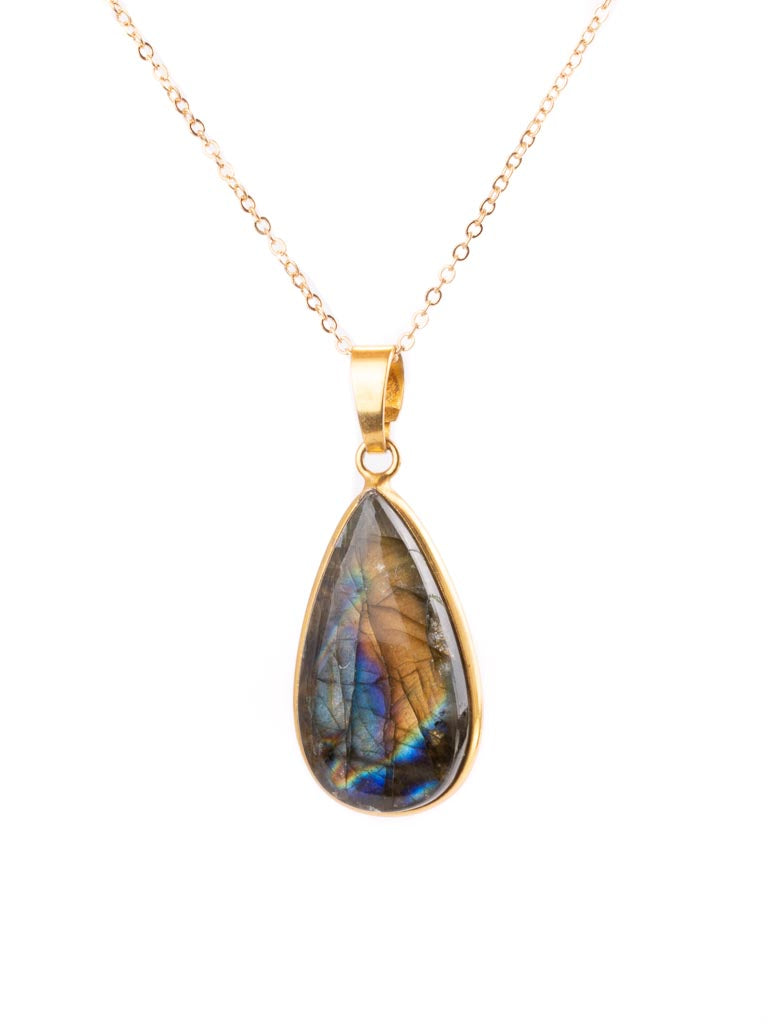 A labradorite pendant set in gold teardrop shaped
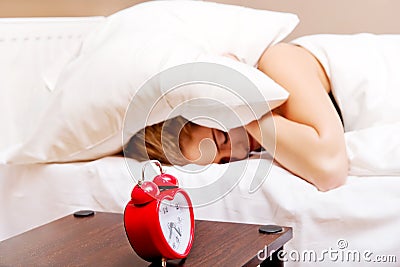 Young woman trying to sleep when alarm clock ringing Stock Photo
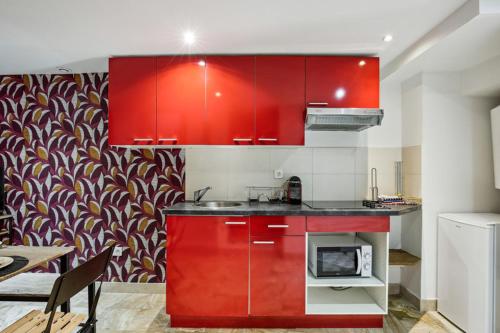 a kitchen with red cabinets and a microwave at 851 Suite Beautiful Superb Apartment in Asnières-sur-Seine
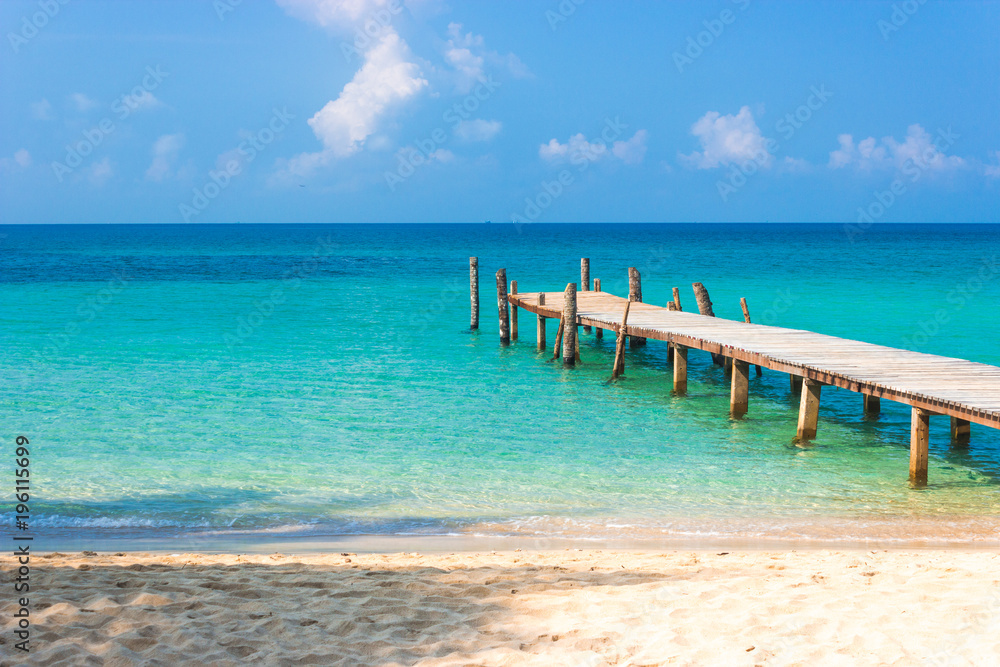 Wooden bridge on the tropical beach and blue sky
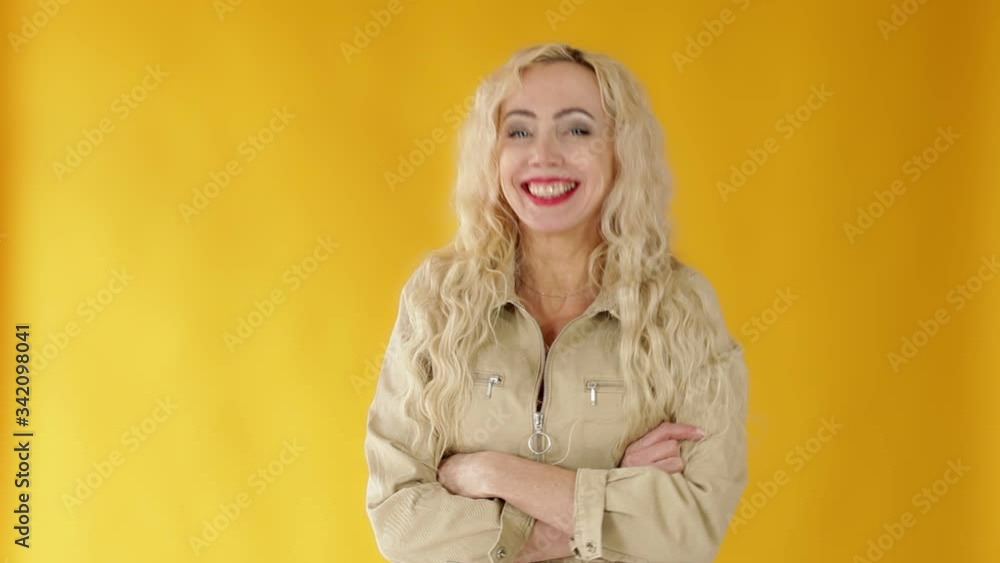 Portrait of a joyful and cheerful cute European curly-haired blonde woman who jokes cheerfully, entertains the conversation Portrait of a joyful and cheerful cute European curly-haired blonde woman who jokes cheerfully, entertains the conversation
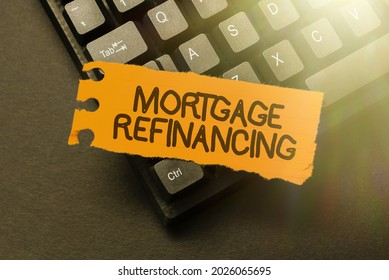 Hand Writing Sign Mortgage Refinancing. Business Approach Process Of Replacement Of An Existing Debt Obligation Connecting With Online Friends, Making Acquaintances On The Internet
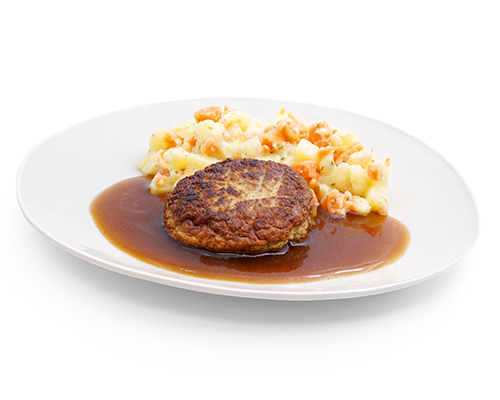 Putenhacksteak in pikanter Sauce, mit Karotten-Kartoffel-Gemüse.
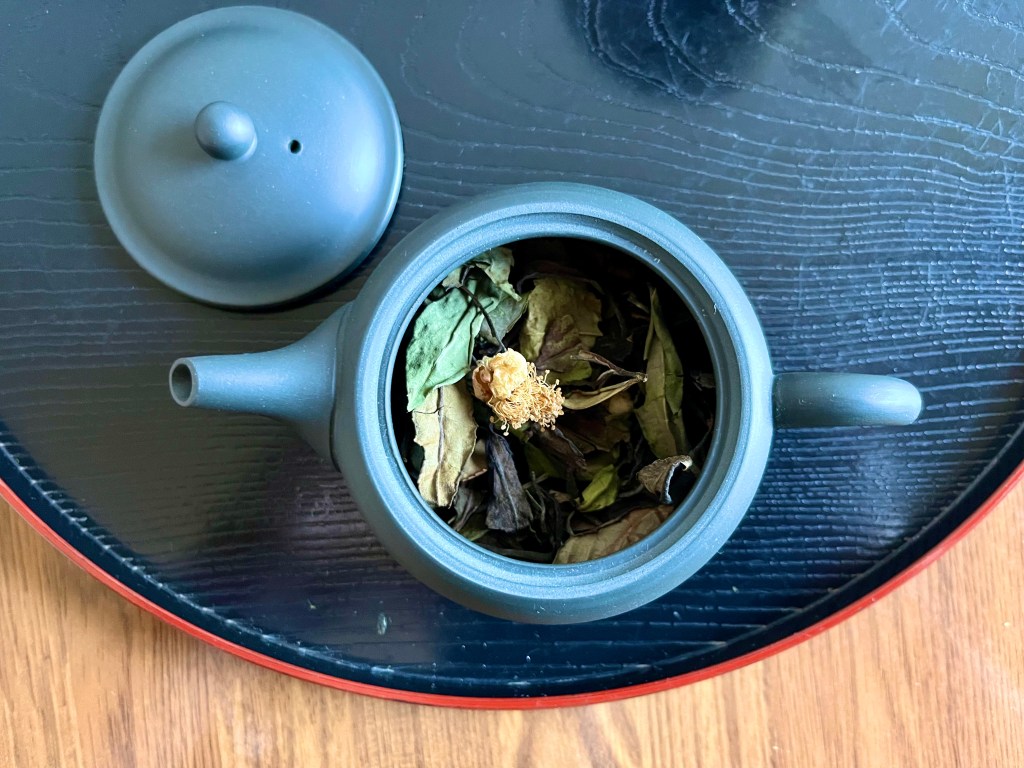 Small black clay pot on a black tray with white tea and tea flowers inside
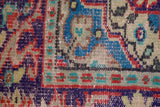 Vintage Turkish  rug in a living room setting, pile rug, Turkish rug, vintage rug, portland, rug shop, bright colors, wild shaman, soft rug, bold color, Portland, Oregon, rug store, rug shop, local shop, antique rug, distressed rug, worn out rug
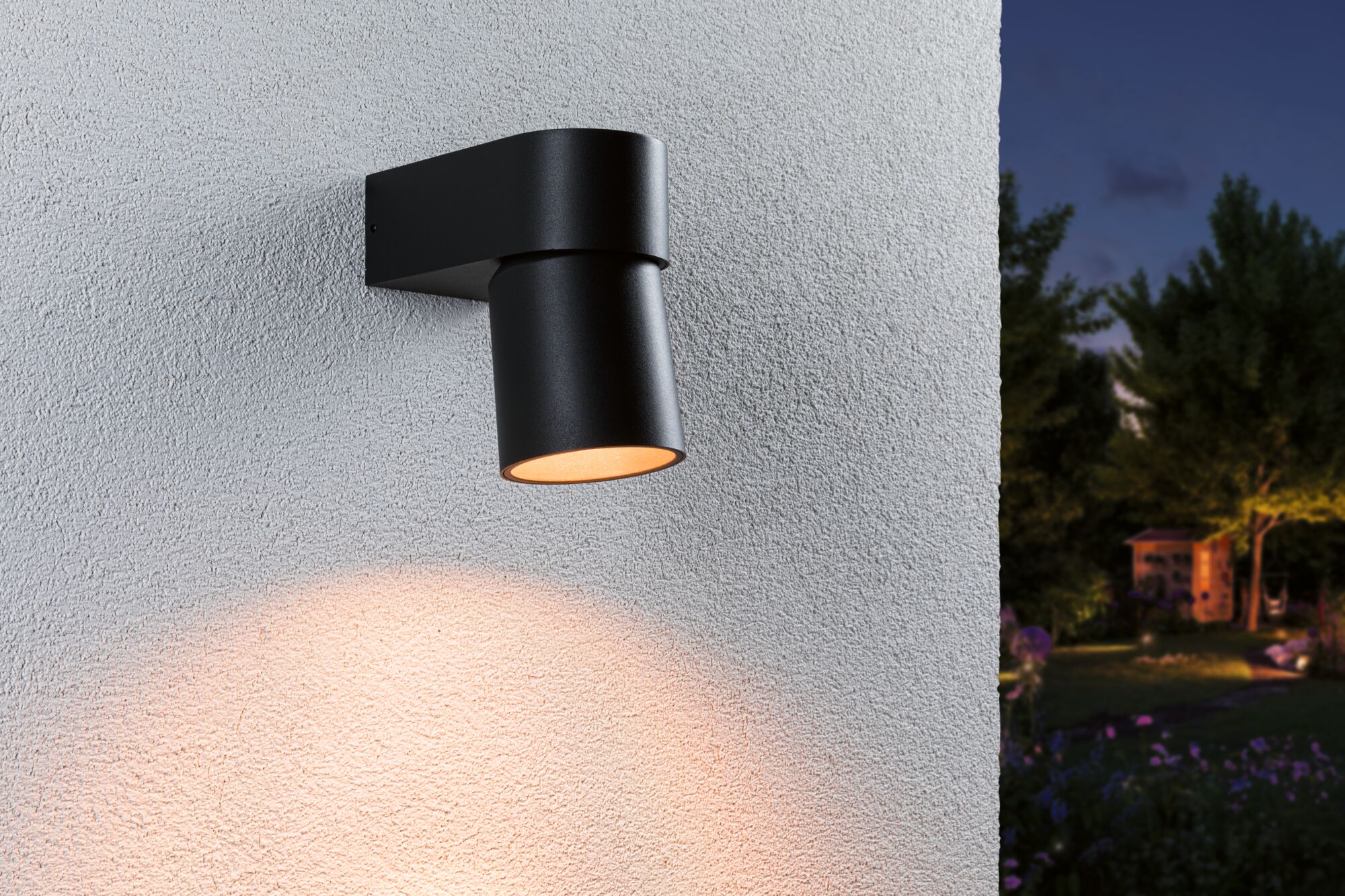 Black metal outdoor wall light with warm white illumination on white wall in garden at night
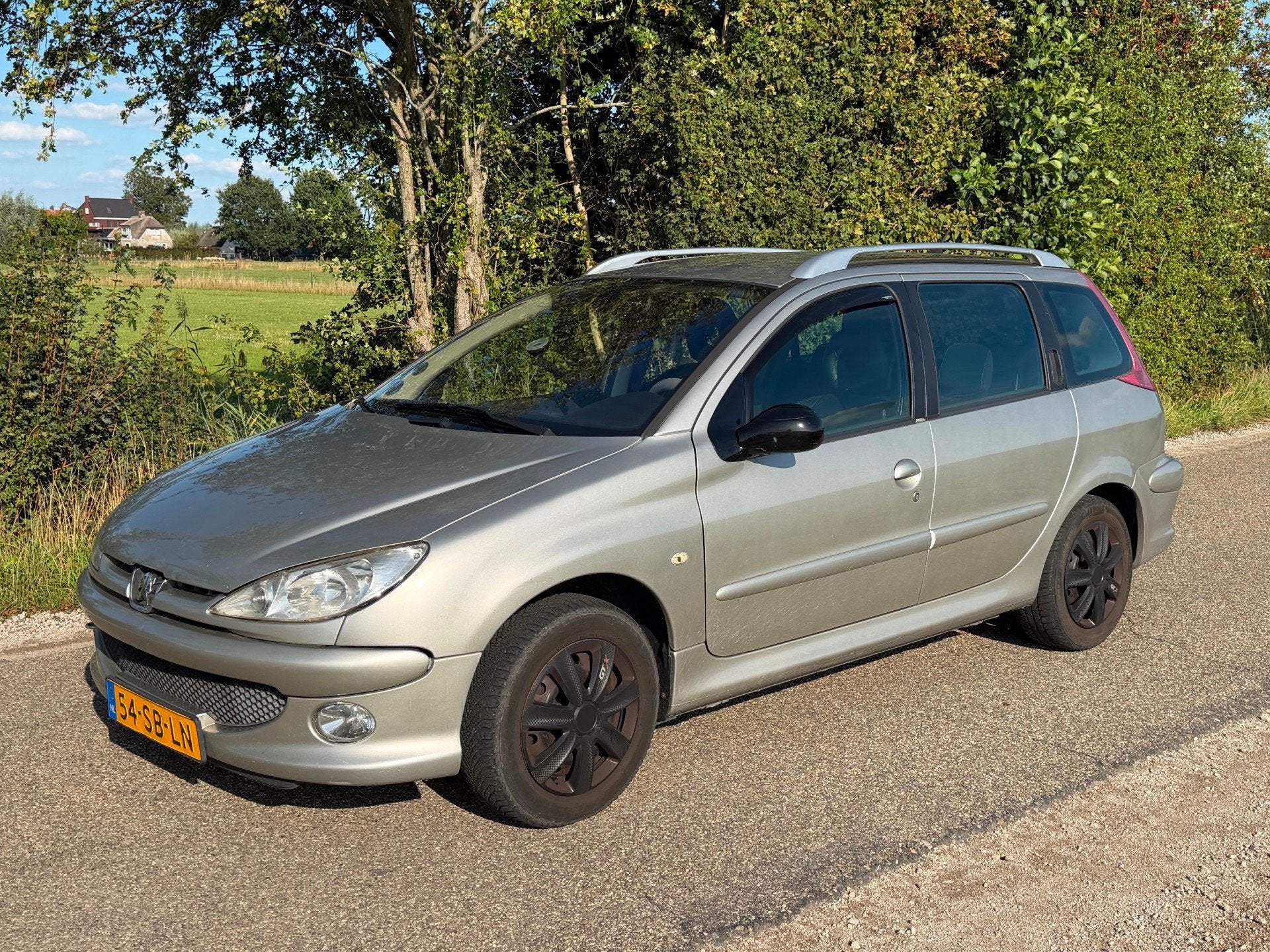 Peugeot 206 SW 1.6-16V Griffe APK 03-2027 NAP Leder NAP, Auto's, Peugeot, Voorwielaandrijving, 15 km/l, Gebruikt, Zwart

◆ ◆ ◆ ◆ ◆

Assignment: Using the data above, give again exactly the lines starting at the one holding "the conversation Portrait" and ending at the one holding "Small black clay", inclusive, and nothing more. Omit the pictures.

Answer section:
 Portrait of a joyful and cheerful cute European curly-haired blonde woman who jokes cheerfully, entertains the conversation Portrait of a joyful and cheerful cute European curly-haired blonde woman who jokes cheerfully, entertains the conversation
 Hand Writing Sign Mortgage Refinancing. Business Approach Process Of Replacement Of An Existing Debt Obligation Connecting With Online Friends, Making Acquaintances On The Internet
 Putenhacksteak in pikanter Sauce, mit Karotten-Kartoffel-Gemüse.
 Small black clay pot on a black tray with white tea and tea flowers inside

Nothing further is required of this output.